A more stinging rebuke was posted on the same day by Sanad al-Hamdani, the manager of AAH’s al-Ahad TV, who tweeted: “[I have] a very perplexing question. Is Masjedi Iran's ambassador to Iraq or [Iraqi prime minister Mustafa al-] Kadhimi's ambassador to Iran?” (Figure 5).
Information from Iraqi contacts also indicates that the muqawama are internally criticizing Qods Force leader Esmail Qaani. For instance, some have said that Qaani's late predecessor Qasem Soleimani was their only commander.
Such messaging indicates that AAH and KH have decided to escalate if their political parties are marginalized in the government formation process. The November 7 drone attack on the prime minister's residence was apparently aimed at getting militias back to the negotiating table, and the incident did in fact secure them at least one meeting with Iraq's highest authorities. Yet if those discussions do not win them shares in the next government, they seem willing to go even further; hence, they are asking followers to “embark” on their ship and begin the dangerous journey toward escalation.
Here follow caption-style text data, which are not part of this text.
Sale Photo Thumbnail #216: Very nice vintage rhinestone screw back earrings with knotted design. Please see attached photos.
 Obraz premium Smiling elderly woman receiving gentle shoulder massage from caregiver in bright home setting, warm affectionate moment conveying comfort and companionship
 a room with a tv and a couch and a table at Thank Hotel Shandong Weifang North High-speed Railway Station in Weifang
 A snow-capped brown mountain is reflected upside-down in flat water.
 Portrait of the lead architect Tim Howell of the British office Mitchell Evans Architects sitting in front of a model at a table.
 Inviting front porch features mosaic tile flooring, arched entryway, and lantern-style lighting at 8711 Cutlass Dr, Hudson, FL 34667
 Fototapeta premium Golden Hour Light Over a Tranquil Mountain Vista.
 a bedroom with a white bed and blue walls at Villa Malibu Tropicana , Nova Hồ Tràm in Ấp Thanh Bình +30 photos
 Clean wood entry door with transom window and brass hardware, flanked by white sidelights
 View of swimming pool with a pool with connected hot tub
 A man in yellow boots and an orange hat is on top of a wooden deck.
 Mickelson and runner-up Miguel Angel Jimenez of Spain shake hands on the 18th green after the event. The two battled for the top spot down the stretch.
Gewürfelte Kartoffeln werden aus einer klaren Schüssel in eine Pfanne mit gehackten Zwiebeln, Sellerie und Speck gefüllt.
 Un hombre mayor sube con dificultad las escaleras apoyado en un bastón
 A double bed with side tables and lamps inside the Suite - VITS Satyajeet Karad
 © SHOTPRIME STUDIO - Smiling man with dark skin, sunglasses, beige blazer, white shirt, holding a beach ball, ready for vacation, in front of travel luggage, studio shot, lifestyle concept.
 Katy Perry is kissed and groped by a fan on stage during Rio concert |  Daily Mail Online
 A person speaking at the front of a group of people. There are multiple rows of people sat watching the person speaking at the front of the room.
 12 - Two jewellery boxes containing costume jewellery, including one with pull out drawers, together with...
If so, AAH and KH will be flouting Iran’s apparent directives to de-escalate the crisis. Their brewing schism with Tehran began before Qaani visited Baghdad last week. After recent clashes in front of the International Zone, Sabereen News harshly criticized Iran for not publicizing the clashes sufficiently, issuing an angry Farsi message that read: “Iran’s state media outlets, you should be ashamed! We gave blood today, a shoe of a martyr is more valuable than Kadhimi...This was not a friction, this was a massacre [carried out] by a sniper” (Figure 6).
In Militia Spotlight's view, the drastic escalation seen since November 7 has at least two audiences in mind. In addition to taking back the initiative from Iraqi rivals, AAH and at least part of KH seem intent on showing Iran what happens when the muqawama feel insufficiently supported in their moment of ultimate need.